Note that ore.datetime objects do not support a time zone setting, instead they use the system time zone Sys.timezone() if it is available or GMT if Sys.timezone() is not available.

Operators and Functions Supported

Oracle R Enterprise supports data pre-processing functionality extensively so all data preparation and analysis can take place directly in the database.

You are not restricted to using this list of functions. If a specific function that you need is not supported by Oracle R Enterprise, you can pull data from the database into the R engine memory using ore.pull() to create an in-memory R object first, and use any R function.

The following operators and functions are supported. See R documentation for syntax and semantics of these operators and functions. Syntax and semantics for these items are unchanged when used on a corresponding database-mapped data type (also known as an Oracle R Enterprise data type).

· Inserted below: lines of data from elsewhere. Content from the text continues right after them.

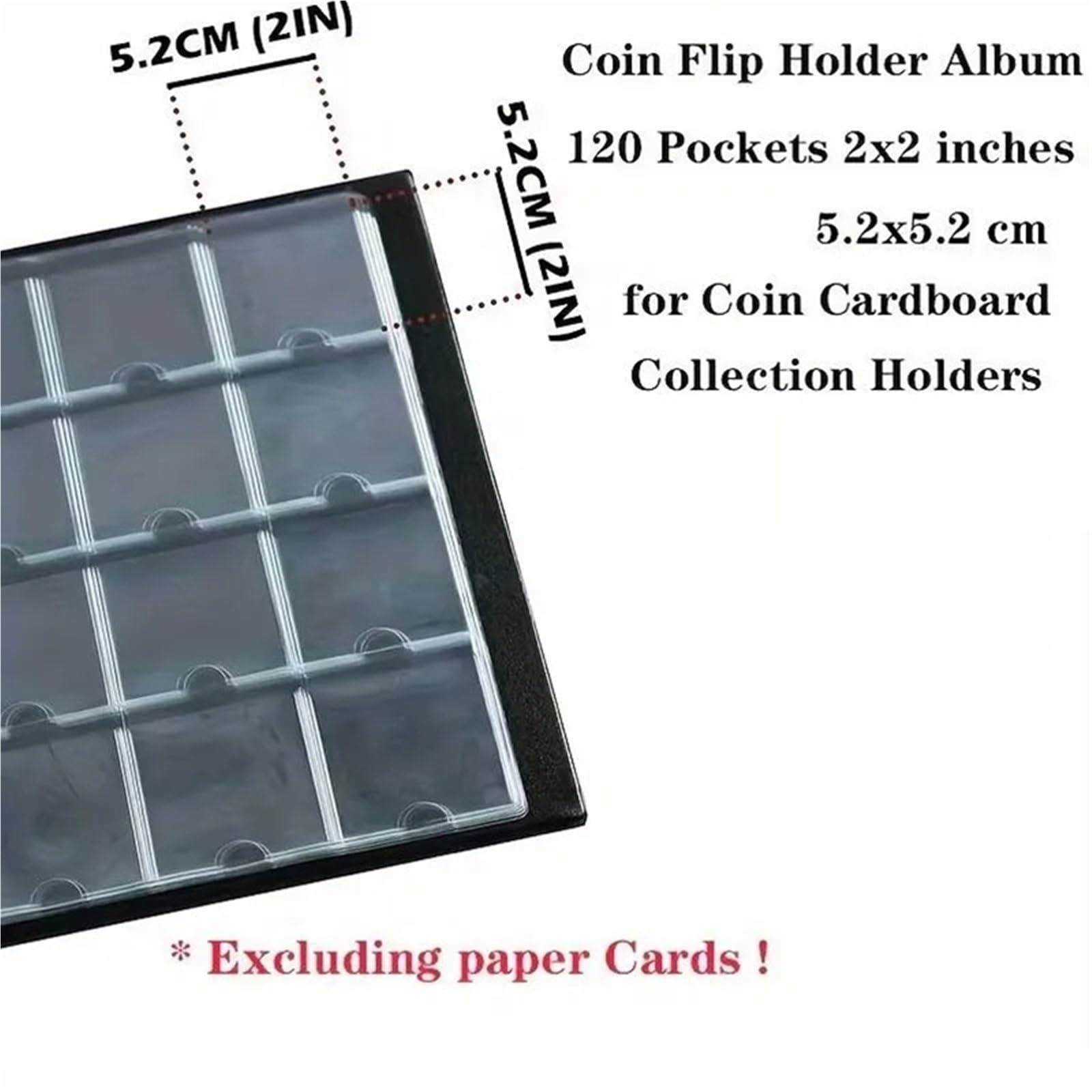 Album Monedas 120 Pockets Artificial PU Leather Coins Collection Album Book Collecting Money Organizer Storage Bags PVC Film(Black Set)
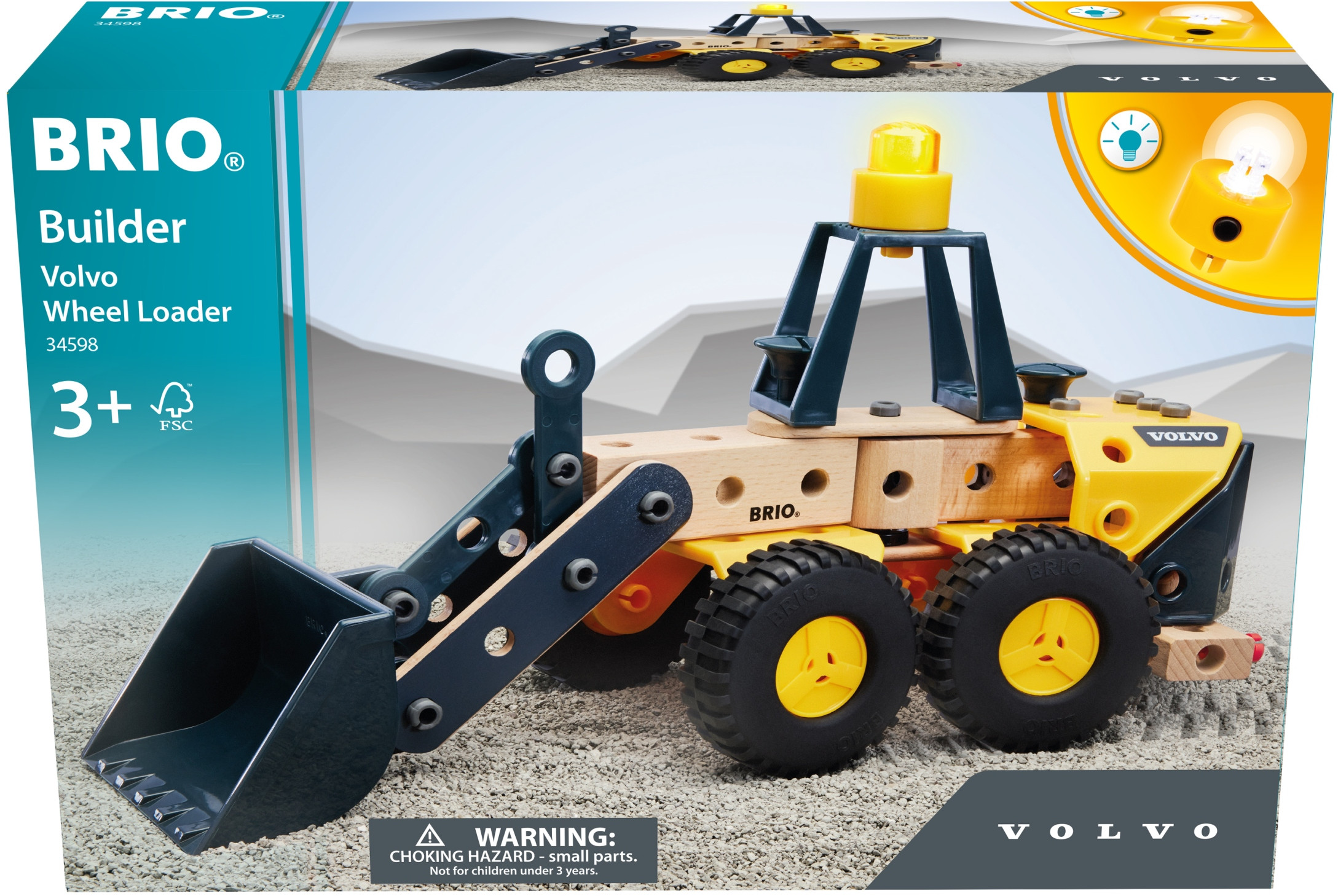 BRIO - Budowniczy Volvo Ładowarka Kołowa (34598) – Idealna zabawa dla małych budowniczych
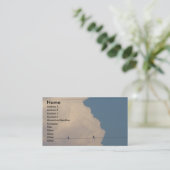 Vogels op een draad met mist op legkippen visitekaartje (Staand voorkant)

  • Mathematical transformations: abs, sign, sqrt, ceiling, floor, trunc, cummax, cummin, cumprod, cumsum, log, loglo, log10, log2, log1p, acos, acosh, asin, asinh, atan, atanh, exp, expm1, cos, cosh, sin, sinh, tan, atan2, tanh, gamma, lgamma, digamma, trigamma, factorial, lfactorial, round, signif, pmin, pmax, zapsmall, rank, diff, besselI, besselJ, besselK, besselY

  • Basic statistics: mean, summary, min, max, sum, any, all, median, range, IQR, fivenum, mad, quantile, sd, var, table, tabulate, rowSums, colSums, rowMeans, colMeans, cor, cov

  • Arithmetic operators: +, -, *, /, ^, %%, %/%

  • Comparison operators: ==, >, <, !=, <=, >=

  • Logical operators: &, |, xor

  • Set operations: unique, %in%, subset

  • String operations: tolower, toupper, casefold, toString, chartr, sub, gsub, substr, substring, paste, nchar, grepl

  • Combine Data Frame: cbind, rbind, merge

  • Combine vectors: append

  • Vector creation: ifelse

  • Subset selection: [, [[, $, head, tail, window, subset, Filter, na.omit, na.exclude, complete.cases

  • Subset replacement: [<-, [[<-, $<-

  • Data reshaping: split, unlist

  • Data processing: eval, with, within, transform

  • Apply variants: tapply, aggregate, by

  • Special value checks: is.na, is.finite, is.infinite, is.nan

  • Metadata functions: nrow, NROW, ncol, NCOL, nlevels, names, names<-, row, col, dimnames, dimnames<-, dim, length, row.names, row.names<-, rownames, rownames<-, colnames, levels, reorder

  • Graphics: arrows, boxplot, cdplot, co.intervals, coplot, hist, identify, lines, matlines, matplot, matpoints, pairs, plot, points, polygon, polypath, rug, segments, smoothScatter, sunflowerplot, symbols, text, xspline, xy.coords

  • Conversion functions: as.logical, as.integer, as.numeric, as.character, as.vector, as.factor, as.data.frame

  • Type check functions: is.logical, is.integer, is.numeric, is.character, is.vector, is.factor, is.data.frame

  • Character manipulation: nchar, tolower, toupper, casefold, chartr, sub, gsub, substr.

  • Other ore.frame functions: data.frame, max.col, scale

  • Hypothesis testing: binom.test, chisq.test, ks.test, prop.test, t.test, var.test, wilcox.test

  • Various Distributions: Density, cumulative distribution, and quantile functions for standard distributions

  • ore.matrix function: show, is.matrix, as.matrix, %*% (matrix multiplication), t, crossprod (matrix cross-product), tcrossprod (matrix cross-product A times transpose of B), solve (invert), backsolve, forwardsolve, all appropriate mathematical functions (abs, sign, and so on), summary (max, min, all, and so on), mean

The Oracle R Enterprise sample programs described in Oracle R Enterprise Examples include several examples using each category of these functions with Oracle R Enterprise data types.